Penggunaan istilah Urang Ulu dalam teks ini juga memperlihatkan wujudnya kesadaran di kalangan Orang Ulu mengenai identitas geografis ini.
7 Mobilisasi Orang Ulu ke kota sesungguhnya seiring dengan berubahnya pandangan Orang Ulu tentang pendidikan. Pada awalnya, Orang Ulu yang melanjutkan pendidikan ke kota terbatas pada anak-anak lelaki atau anak perempuan dari keluarga yang terpandang yang memiliki pelindung (dititipkan di keluarga) selama di kota. Banyak orang tua yang tidak berani melepaskan anak perempuan mereka karena takut terjadi sesuatu di rantau orang.
Dahulu orang tua juga cemas kalau melepaskan anaknya ke kota karena kesulitan mengirim ongkos. Jumlah bank yang memungkinkan transfer uang, dan lalu lintas orang yang memungkinkan untuk menitipkan bekal sekolah, tidak selancar sekarang ini. Bayangkan saja perjalanan dari kampung ke Pontianak ketika itu membutuhkan waktu setidaknya satu pekan. Belum lagi kenyataan, mungkin tidak sebulan sekali ada orang yang dikenal bisa menjadi perantara untuk mengirimkan ongkos tersebut.
8 Memang harus juga diakui ada banyak orang Ulu yang belajar di Jawa, terutama mereka yang memiliki modal yang kuat untuk belajar di perguruan tinggi di sana.
9 Kesan ini kerap kali disampaikan. Salah satu ciri Orang Ulu yang dikesani oleh orang lain adalah ketika mereka berkumpul menggunakan bahasa Ulu.
10 Identitas dapat dilihat dari berbagai aspek. Lebih lanjut kajian soal ini sila rujuk Mesthrie, R dan A Tabouret-Keller. (2001), dan Shamsul Amri Baharuddin (2001).

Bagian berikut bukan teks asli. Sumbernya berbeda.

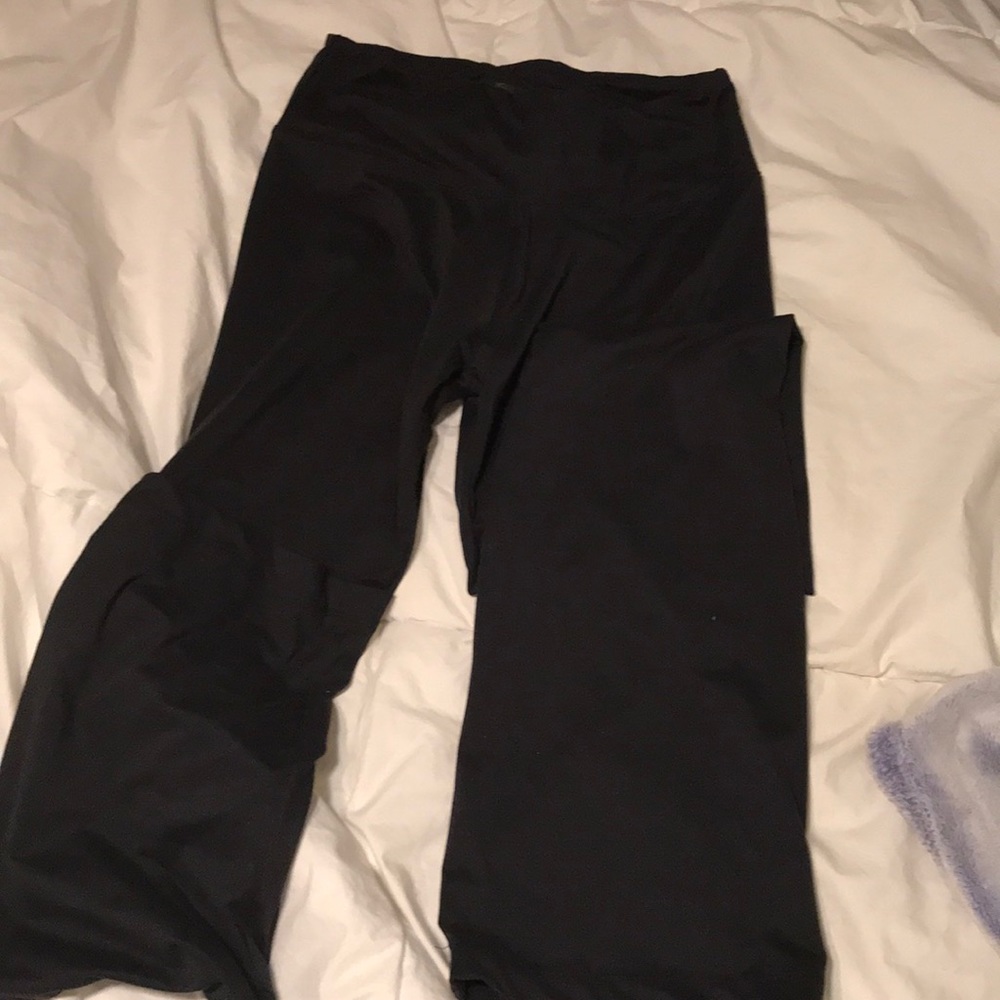 Black yoga pants
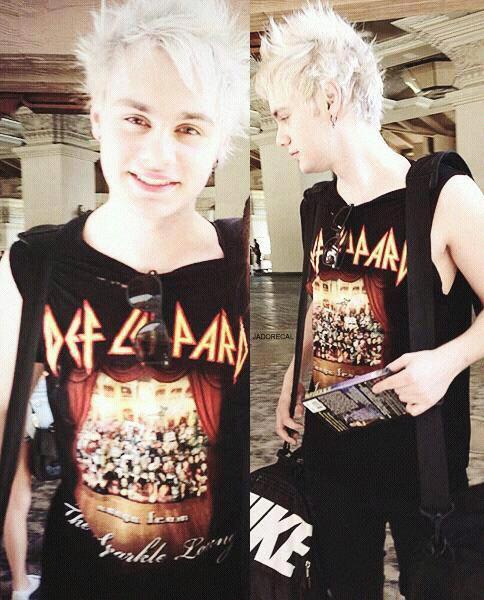 HAPPY BIRTHDAY MICHAEL GORDON CLIFFORD AKA REAL LIFE KITTEN I LOVE YOU SO MUCH I CANT BELIEVE YOURE 19 ALR IM CRYINF 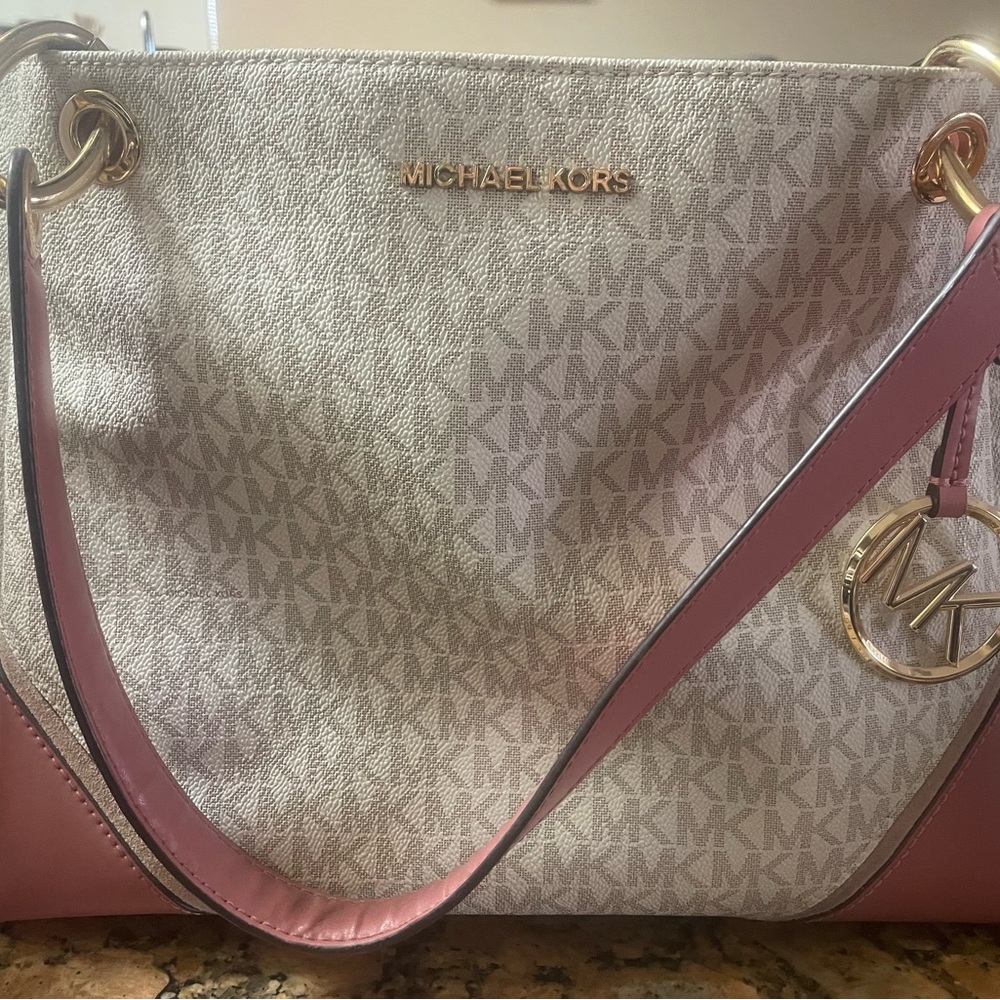 Michael kors purse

11 Keadaan ini terjadi berkaitan dengan ada stock of knowledge dalam pikiran mereka mengenai set identitas. Karena banyaknya pilihan dalam minda mereka menyebabkan mereka dapat memilih identitas mana yang dapat dipakai dalam keadaan bagaimana.

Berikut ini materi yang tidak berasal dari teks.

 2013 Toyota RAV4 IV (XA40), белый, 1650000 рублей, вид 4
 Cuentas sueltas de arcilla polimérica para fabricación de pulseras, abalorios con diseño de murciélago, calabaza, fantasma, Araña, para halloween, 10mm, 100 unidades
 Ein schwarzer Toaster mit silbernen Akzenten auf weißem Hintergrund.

12 Tren kawin dengan pendatang sekarang ini meningkat di kalangan orang pedalaman. Di Riam Panjang misalnya, perkawinan dengan orang Jawa menempati urutan teratas (Yusriadi 2006). Kawin dengan orang Jawa yang biasanya berkulit hitam ini menyebabkan ada kecenderungan anak-anak campuran ini juga berkulit hitam.
13 Bunyi yang dimaksud adalah bunyi vokal belakang hampar bundar [a]. Namun, kesan orang luar bunyi yang muncul adalah bunyi vokal belakang hampar tengah [A]. Perihal kedudukan bunyi itu lihat Schane (1992).

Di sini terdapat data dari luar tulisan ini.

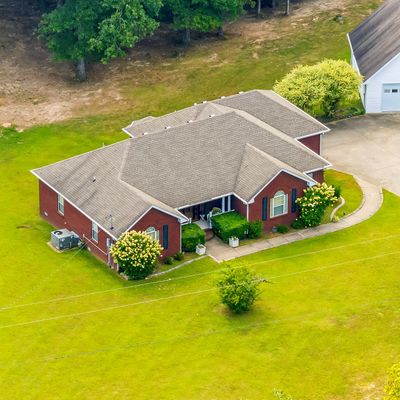 996 Iron Hill Rd, Burns, TN 37029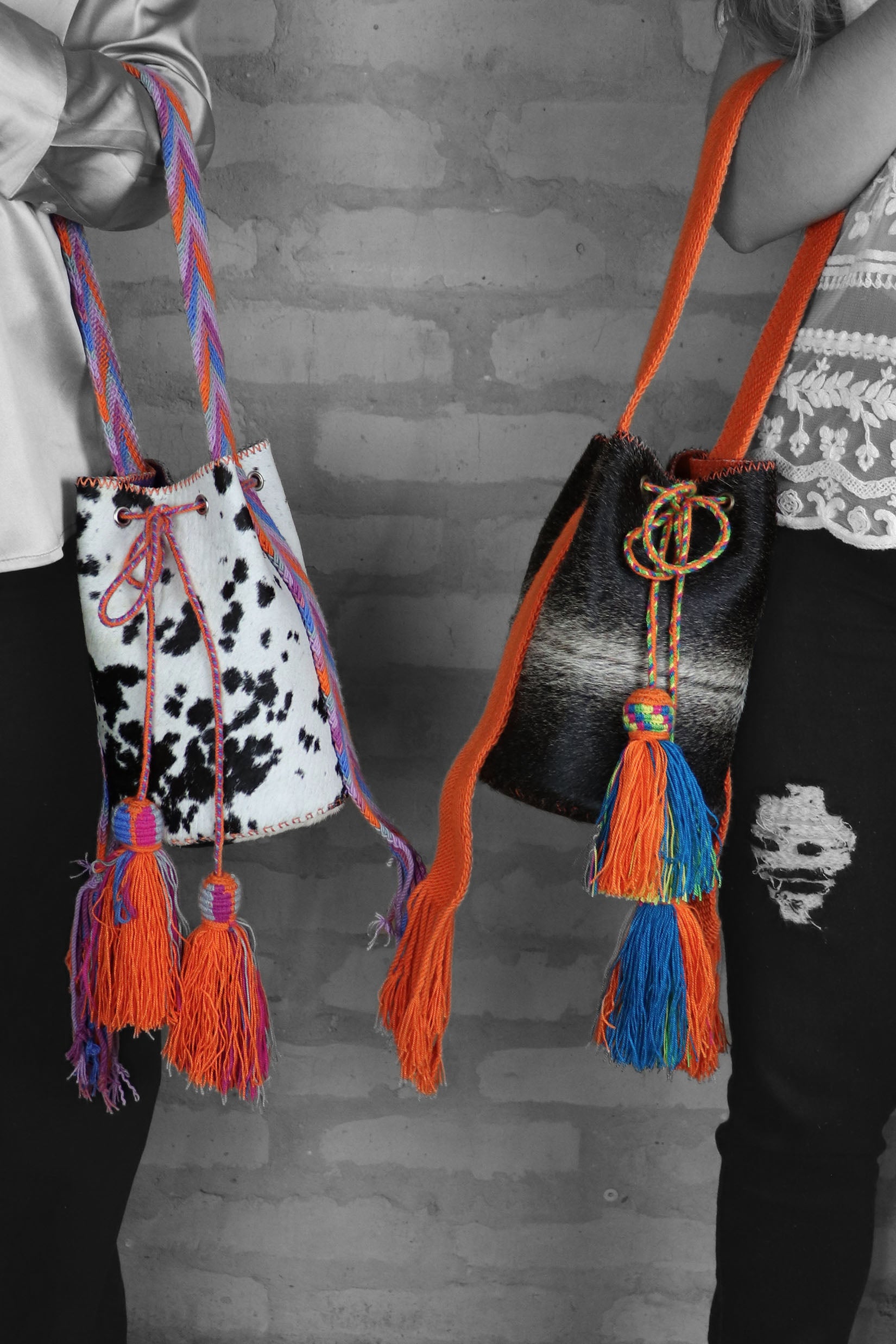 APÜNÜ BUCKET BAG SMALL FURRY / BLK&WH - LILAC #140006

14 Sejauh data lapangan yang dikumpulkan bahasa Orang Ulu memperlihatkan banyak variasi bunyi vokal [a] pada posisi akhir. Varian Riam Panjang, Piasak, Melawi, Sanggau, memperlihatkan bunyi [a], sebagai vokal belakang hampar rendah. Bahasa-bahasa kelompok Melayik seperti Iban, Kantuk –yang memang dekat dengan bahasa Melayu juga memperlihatkan bunyi itu.. Kecuali misalnya bahasa Melayu di Hulu Embau memperlihatkan bunyi vokal [a] sebagai vokal belakang bundar rendah [o]. Lantas, mengapa kesan orang muncul sedemikian? Apakah hal ini terkait dengan apa yang disebut Collins (1999) sebagai kecenderungan prilaku “Emblemmatic Disambiguition” –yaitu kecenderungan orang memilah bahasa diri dan bahasa orang lain secara tegas, sekalipun sebenarnya kosa kata itu mereka pakai sehari-hari? Perlu kajian lebih lanjut soal ini.
15 KBBI 2001: 772
16 KBBI 2001: 278
17 KBBI 2001: 1229
18 KBBI 2001: 913
19 Perihal penggunaan bahasa lain untuk melucu-lucu dapat dilihat dalam Yusriadi (2005). Di sini ditampilkan contoh bagaimana sekelompok pemuda bermain volly dan mereka menggunakan bahasa Indonesia untuk bikin lelucon.